Early Venous Thromboembolism Prophylaxis in Patients with Trauma Intracranial Hemorrhage: Analysis of the Prospective Multicenter CLOTT Study

BACKGROUND The optimal time to initiate venous thromboembolism prophylaxis (VTEp) for patients with intracranial hemorrhage (ICH) is controversial and must balance the risks of VTE with potential progression of ICH. We sought to evaluate the efficacy and safety of early VTEp initiation after traumatic ICH. METHODS This is a secondary analysis of the prospective multicenter Consortium of Leaders in the Study of Thromboembolism study. Patients with head Abbreviated Injury Scale score of > 2 and with immediate VTEp held because of ICH were included. Patients were divided into VTEp ≤ or >48 hours and compared. Outcome variables included overall VTE, deep vein thrombosis (DVT), pulmonary embolism, progression of intracranial hemorrhage (pICH), or other bleeding events. Univariate and multivariate logistic regressions were performed. RESULTS There were 881 patients in total; 378 (43%) started VTEp ≤48 hours (early).
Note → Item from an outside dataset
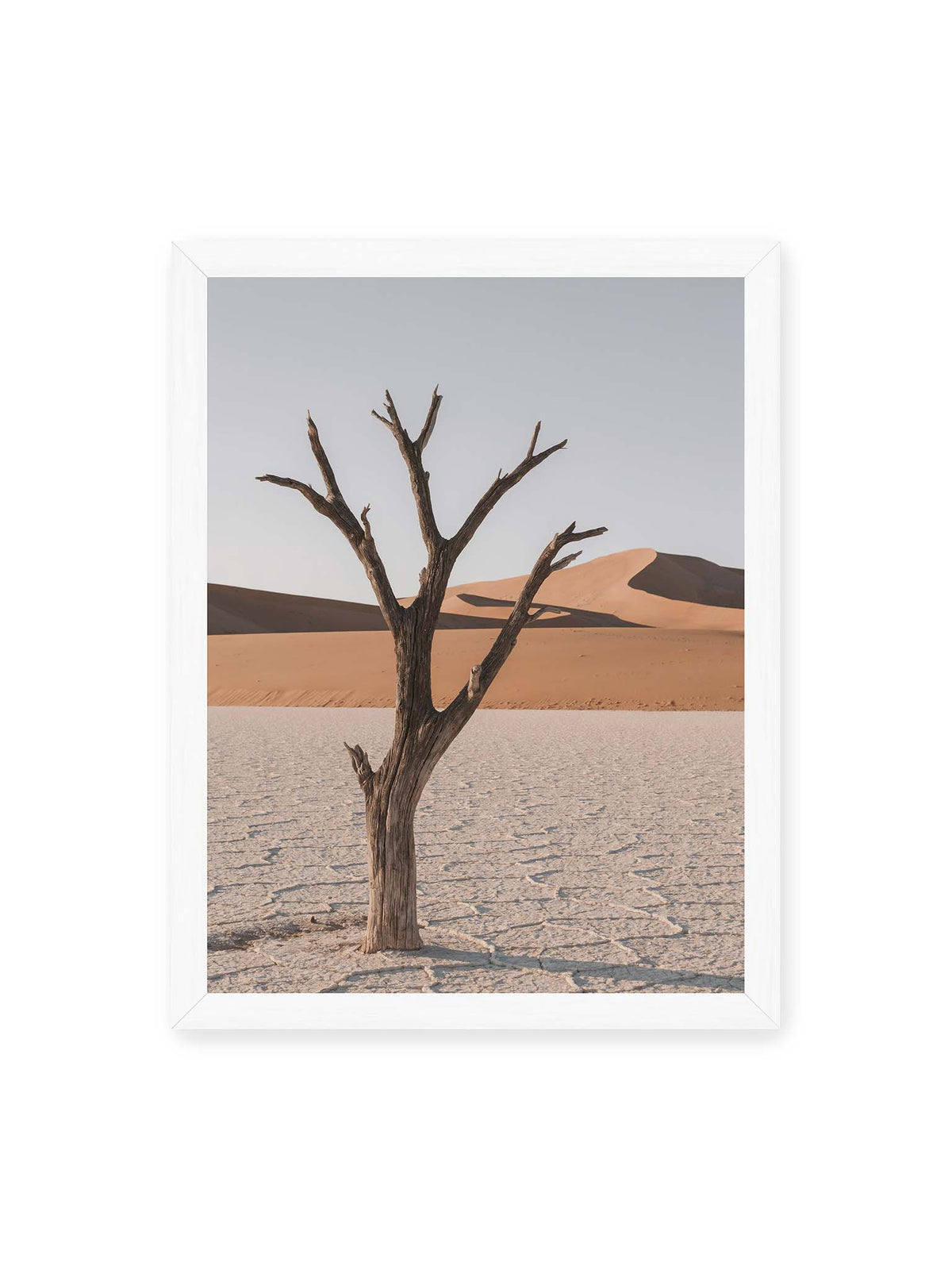 30x40 cm, weißer Rahmen – Kahler Baum auf hellem, rissigem Boden vor orangefarbenen Sanddünen unter blassem Himmel.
Patients starting VTEp >48 hours (late) had higher VTE (12.4% vs. 7.2%, p = 0.01) and DVT (11.0% vs. 6.1%, p = 0.01) rates than the early group. The incidence of pulmonary embolism (2.1% vs. 2.2%, p = 0.94), pICH (1.9% vs. 1.8%, p = 0.95), or any other bleeding event (1.9% vs. 3.0%, p = 0.28) was equivalent between early and late VTEp groups. On multivariate logistic regression analysis, VTEp >48 hours (odds ratio [OR], 1.86), ventilator days >3 (OR, 2.00), and risk assessment profile score of ≥5 (OR, 6.70) were independent risk factors for VTE (all p < 0.05), while VTEp with enoxaparin was associated with decreased VTE (OR, 0.54, p < 0.05). Importantly, VTEp ≤48 hours was not associated with pICH (OR, 0.75) or risk of other bleeding events (OR, 1.28) (both p = NS). CONCLUSION Early initiation of VTEp (≤48 hours) for patients with ICH was associated with decreased VTE/DVT rates without increased risk of pICH or other significant bleeding events. Enoxaparin is superior to unfractionated heparin as VTE prophylaxis in patients with severe TBI. LEVEL OF EVIDENCE Therapeutic/Care Management; Level IV.